Metropoll'den son anket: Erdoğan'ın seçimi kazanacağını düşünenler...

Metropoll'den son anket: Erdoğan'ın seçimi kazanacağını düşünenler...

Metropoll, son anket sonuçlarını açıkladı.

Metropoll'ün açıkladığı son anket şöyle;

Ankete katılanların %14,5’i Cumhurbaşkanlığı seçimlerini Erdoğan’ın kesinlikle kazanacağını, %40,9’u ise kazanacağını düşünüyor. Dolayısıyla seçmenlerin %55’i Erdoğan’ın kazanabileceği algısına sahip görünüyor. Buna karşılık, kazanamayacağını düşünenler toplamda %39’luk bir kesim teşkil ediyor.

OLASI SENARYOLAR

Olası Cumhurbaşkanlığı seçimi senaryolarında da belli lider figürlerinin toplum nezdinde ön plana çıktığı; “ittifaklar doğrultusunda” bazı isimler üzerinde ortaklaşıldığı göze çarpmakta. İstanbul Büyükşehir Belediye Başkanı Ekrem İmamoğlu ve Ankara Büyükşehir Belediye Başkanı Mansur Yavaş, Cumhurbaşkanı Recep Tayyip Erdoğan’a karşı aday gösterilmeleri halinde, yaklaşık %43-43,5 oranında destek topluyorlar. Meral Akşener de %38,3 seviyesinde destek buluyor. Bu üç ismin de Millet İttifakı’nın oy potansiyelini daha önce gündeme gelen Muharrem İnce ve Abdullah Gül gibi isimlerden daha ileri taşımakta olduğu gözleniyor. 

İSTANBUL SÖZLEŞMESİ

Kadınlara yönelik vahim şiddet olayları ve İstanbul Sözleşmesi’nin tartışmaya açılması, yaz boyunca Türkiye’de gündemin, kadınlar ve hakları ile kadınların toplumdaki konumları üzerine odaklanmasına neden oldu. İstanbul Sözleşmesi’nden haberdar olan seçmenlerin %67’si, bu anlaşmadan çekilmememiz gerektiğini düşünüyor. Buna kar ş ılık, %23’lük kesim ise Türkiye’nin İ stanbul Sözleşmesi’nden çekilmesi gerektiği kanaatinde.

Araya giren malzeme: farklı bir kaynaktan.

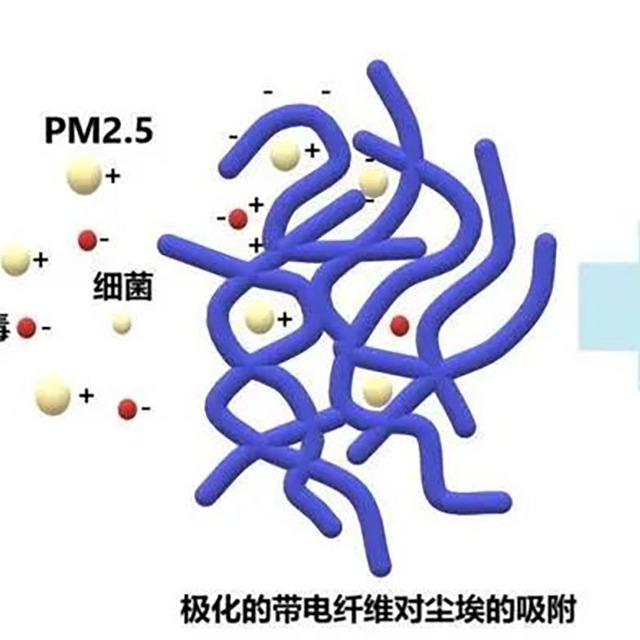 為什么95級熔噴布放置幾天就降至90或85級？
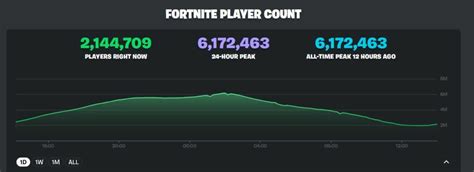 Fortnite Player Count Reaches 6 Million After Return of Classic Map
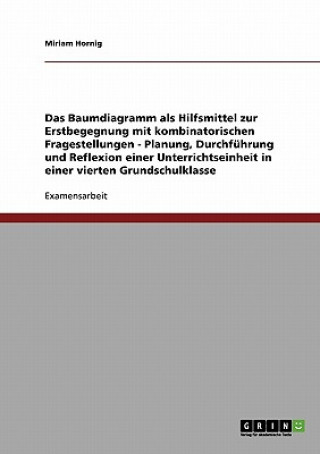 Könyv Baumdiagramm als Hilfsmittel zur Erstbegegnung mit kombinatorischen Fragestellungen Miriam Hornig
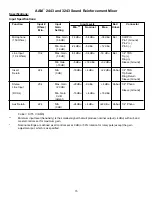 Preview for 15 page of Peavey AAM 2443 User Manual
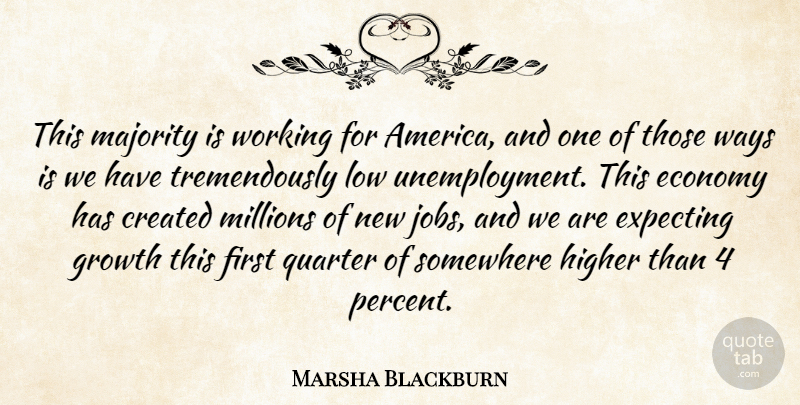 Marsha Blackburn Quote About Created, Expecting, Higher, Low, Majority: This Majority Is Working For...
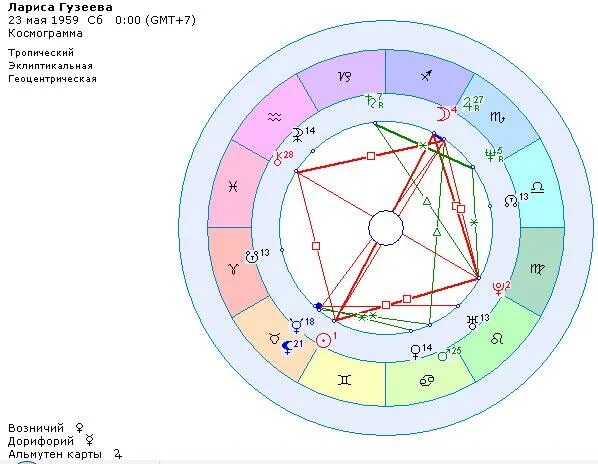 Аспект оппозиция в астрологии. Оппозиция в гороскопе. Карта гороскопа. Юпитер в оппозиции.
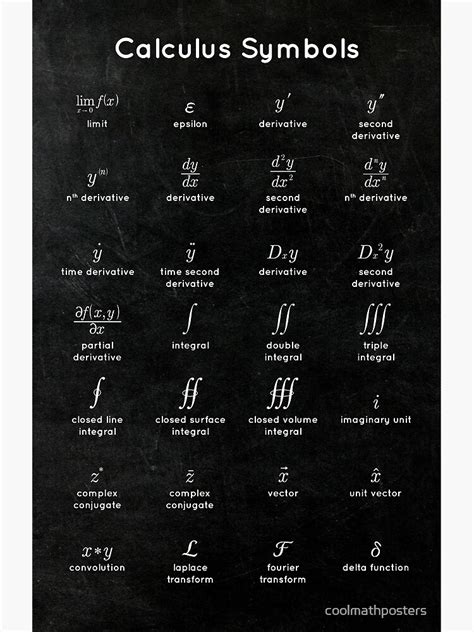 Image result for Sign Patterns Calculus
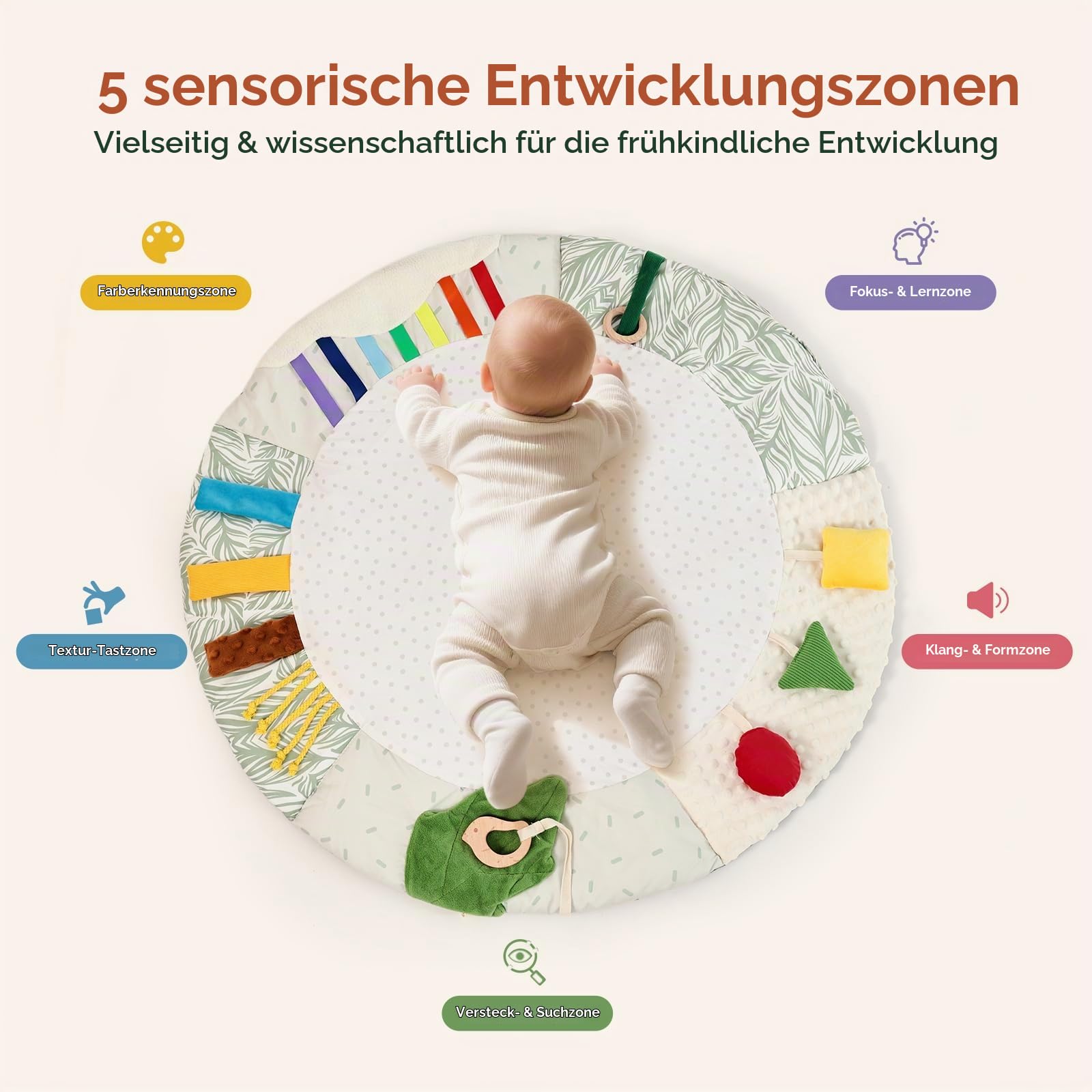 OESSUF Baby Krabbeldecke Rund 85cm – 5 Sinneszonen für Sensorik Motorik | Baby Spielmatte für Spielebogen, Weich Rutschfest | Babydecke für Neugeborene ab 0 Monate Jungen Mädchen | Geschenk zur Geburt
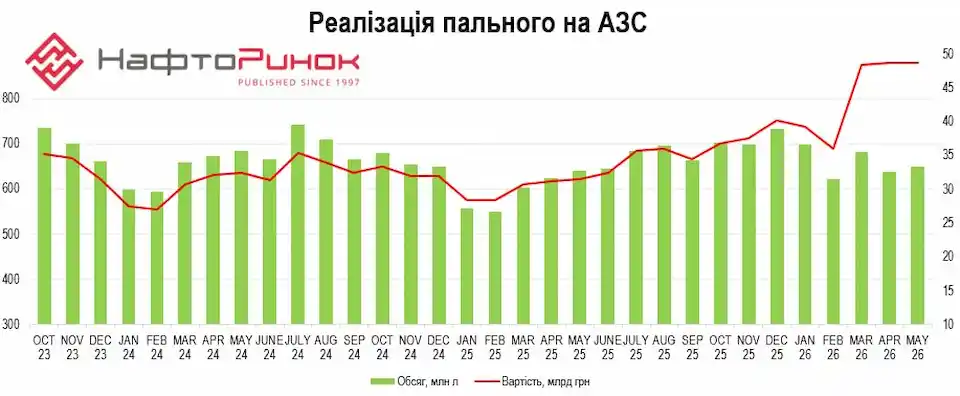 The market sold nearly 650 million liters of fuel in May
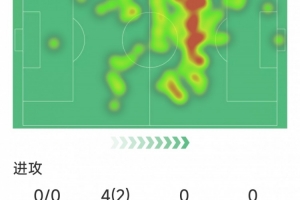 梅努本场数据：1次助攻，4次关键传球，2次抢断，2次成功过人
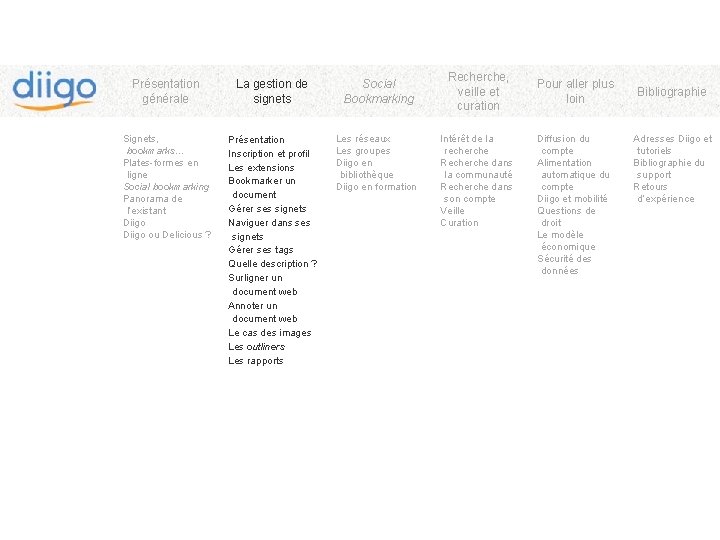 Présentation générale La gestion de signets Signets, bookmarks… Plates-formes en ligne Social bookmarking Panorama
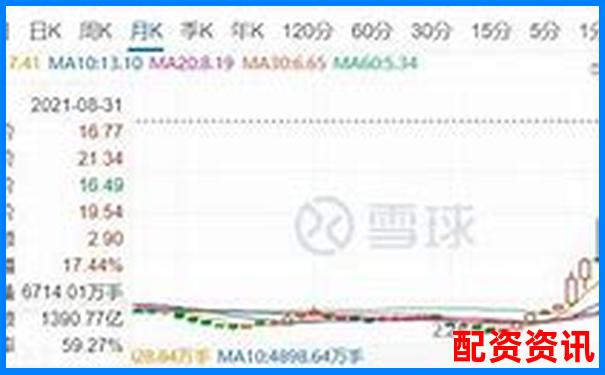 股票配资杠杆风险解析高收益背后暗藏多少?；?股票高杠杆配资是啥意思
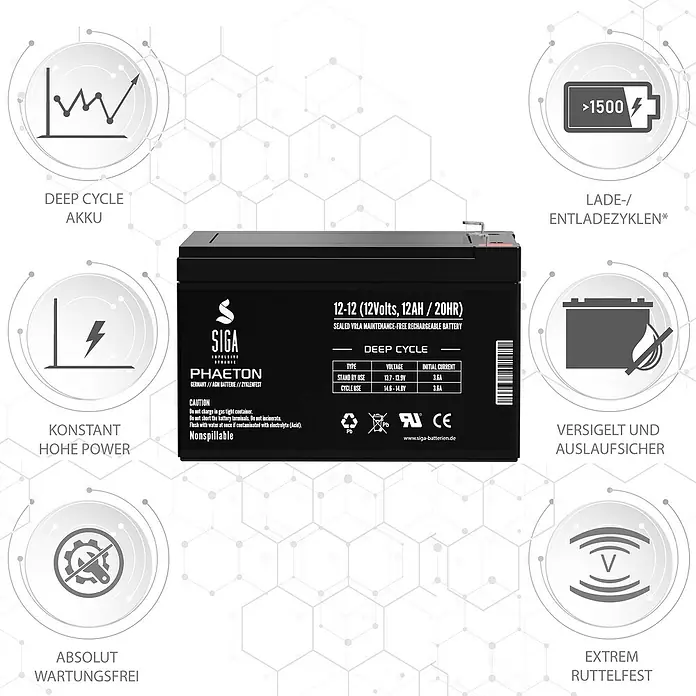 Akku Phaeton AGM Deep Cycle - 12 Ah, 12 V - Bild einer SIGA 12-12 Deep-Cycle-Batterie (12Volt, 12AH/20HR), eine wartungsfreie, wiederaufladbare VRLA-Batterie, die für ihre Zyklenfestigkeit bekannt ist.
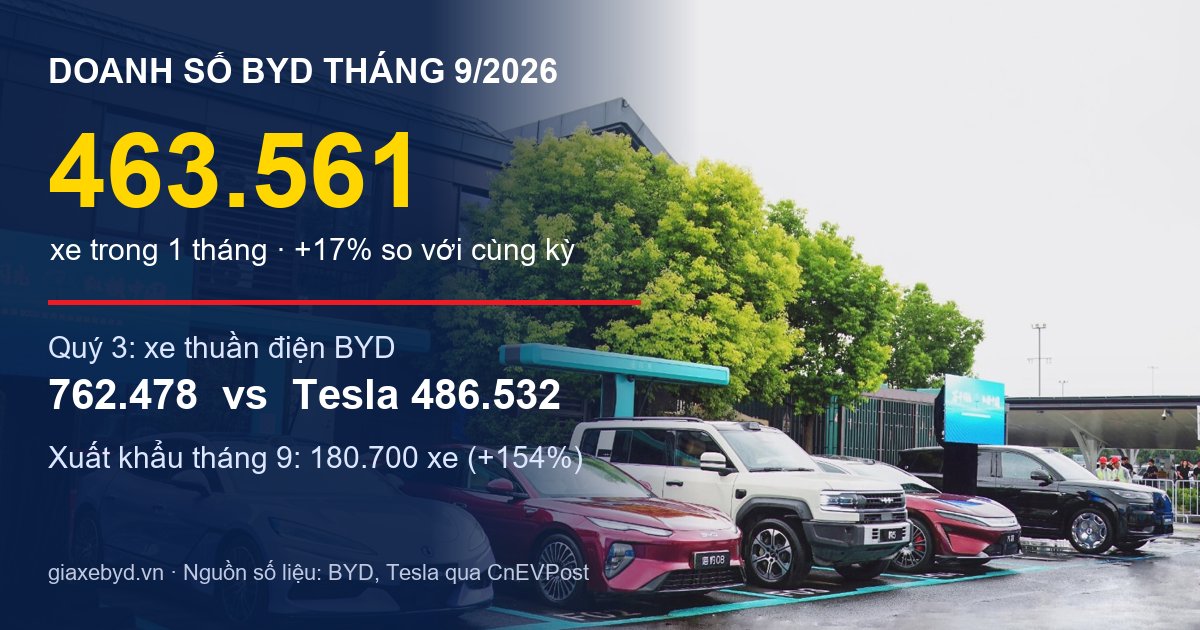 Doanh số BYD tháng 9/2026: 463.561 xe, quý 3 bán 762.478 xe thuần điện so với Tesla 486.532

Türkiye’nin %63’ü, son 1 yıl içerisinde geçim şartlarının kötüleştiğini belirtiyor. 

Refah düzeyinde irtifa kaybı yaşandığı algısı, toplumun önemli bir kısmını etkiliyor. Ağustos 2020 itibariyle, %63’lük bir çoğunluk, refah düzeyinin/geçim şartlarının kötüleştiği düşüncesinde. Buna karşılık, refah düzeyinin iyileştiğini söyleyenler %9 seviyesinde kalıyor. 

Seçmenlerin büyük çoğunluğu (%75), dolardaki artışın sadece döviz ile iş yapanları değil, tüm toplumu kaygılandırması gerektiğini düşünüyor. Diğer bir deyişle, toplumun ezici çoğunluğuna göre, doların yükselişi sadece “Dolar ile maaş alanlar ve Dolar ile iş yapanları” düşündürtmemeli; Türkiye’deki herkesi kaygılandırmalı."